Re: Wuhan Coronavirus

Post by AnalyticalEngine »

Plus it is genuinely scientifically fascinating to watch a pandemic play out in real time. I mean, you read about things like the Spanish Flu in history books and you study disease models in college, so watching it happen in real time over the Internet can be both an interesting and surreal experience.

The cargo culting around mask wearing is interesting too. You're seeing photos out of China of people wearing ridiculous things as masks, and a lot of people wearing masks but using them incorrectly, thus eliminating any protection they would have provided.

Riggerjack
Posts: 3191
Joined: Thu Jul 14, 2011 3:09 am

Re: Wuhan Coronavirus

Post by Riggerjack »

This could be terrible or could be like the regular flu. We don't know yet.
This is already terrible. No, this couldn't be like the regular flu. But it could be contained.

And if so, it will be just one more terrible thing, far away. One more anecdote of a tempest, that locally, was contained in a teacup.

Was SARS no big deal, because it didn't hit hard here? Ebola? Swine flu?
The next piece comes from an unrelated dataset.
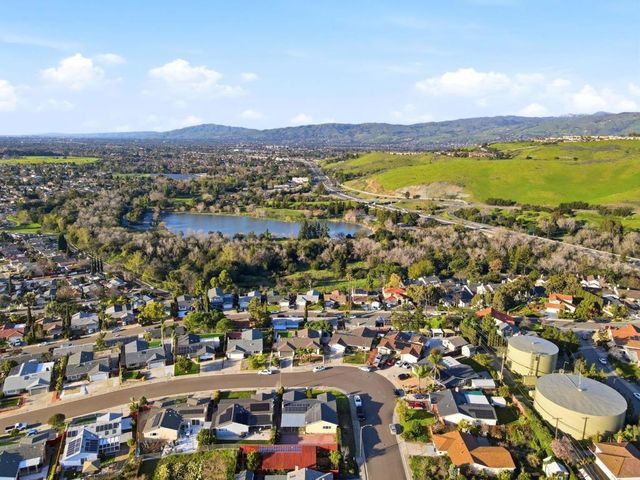 736 Braxton Drive, San Jose, CA 95111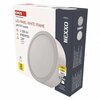 Panel LED EMOS Nexxo ZM5133 Biały Pomieszczenie Do salonu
Or do we have a locality bias, that lets us discount hazards that have not surfaced locally, within our lifetimes? A bias that allows us to emotionally distance ourselves from bad things happening to people we don't know, and don't intend to know? Could these biases be good for us in an evolutionary biology kind of way? And if so, would they be appropriate responses in our current environment?

But I agree that locally, this could be no big deal. And I think the odds of that are pretty good. I'm hoping for the teacup solution, since that's about all we have.

This virus will either be terrible at a distance, or terrible locally and at a distance. There doesn't seem to be much room for middle ground on this one.
What's with the bravado in the face of this i have no idea.
https://m.youtube.com/watch?v=ee6-sI9rdtA

When I see people whistling in the dark, this scene goes through my mind. Perhaps not accurate, but it puts a smile on my face, all the same. ;)

AnalyticalEngine
Posts: 962
Joined: Sun Sep 02, 2018 11:57 am

Re: Wuhan Coronavirus

Post by AnalyticalEngine »

The lockdown in Wuhan is making me wonder how a similar situation would play out in the US, at least economically. The thing about China is despite being a poorer country, they have a much higher personal savings rate. Even 50% wouldn't be uncommon there. Meanwhile Americans enjoy living paycheck to paycheck. Which means a Wuhan-style lockdown would put a greater financial strain on American households than Chinese households.

thrifty++
Posts: 1171
Joined: Sat May 23, 2015 3:46 pm

Re: Wuhan Coronavirus

Post by thrifty++ »

Im starting to feel less concerned about the coronavirus than I was before. This is because I was initially looking at the SARS virus which seemed minor in comparison to it, despite being classified as a pandemic.

But now I have looked at the 2009 swine flu pandemic, which is a more recent comparison and which I actually contracted. Looking at the numbers it looked far more significant than the progress of the coronavirus - so far to be fair. But, the swine flu is estimated to have infected something like 11 to 20% of the global population and killed between 150k to 500k people. Despite this being a much larger scale fallout I don't remember seeing so much hype and hysteria about it. Although I remember it clearly. But there was so much less hysteria. At least it seemed that way to me. I think the internet has grown since then and perpetuates more hysteria about global issues. I used to spend hardly any time on the net. Now like most people, I am constantly plugged in and looking out for all the latest alerts and updates on anything. 2009 seems a little bit like the stone age of the internet to me now in retrospect.

Riggerjack
Posts: 3191
Joined: Thu Jul 14, 2011 3:09 am

Re: Wuhan Coronavirus

Post by Riggerjack »

2009 seems a little bit like the stone age of the internet to me now in retrospect.
Try looking into the internet way back machine, to see how advanced 2009 was.

Things were a lot different when "lightning fast 14.4k!" on the side of the box was legit marketing of PC components... And dial up was a real service, not a curse.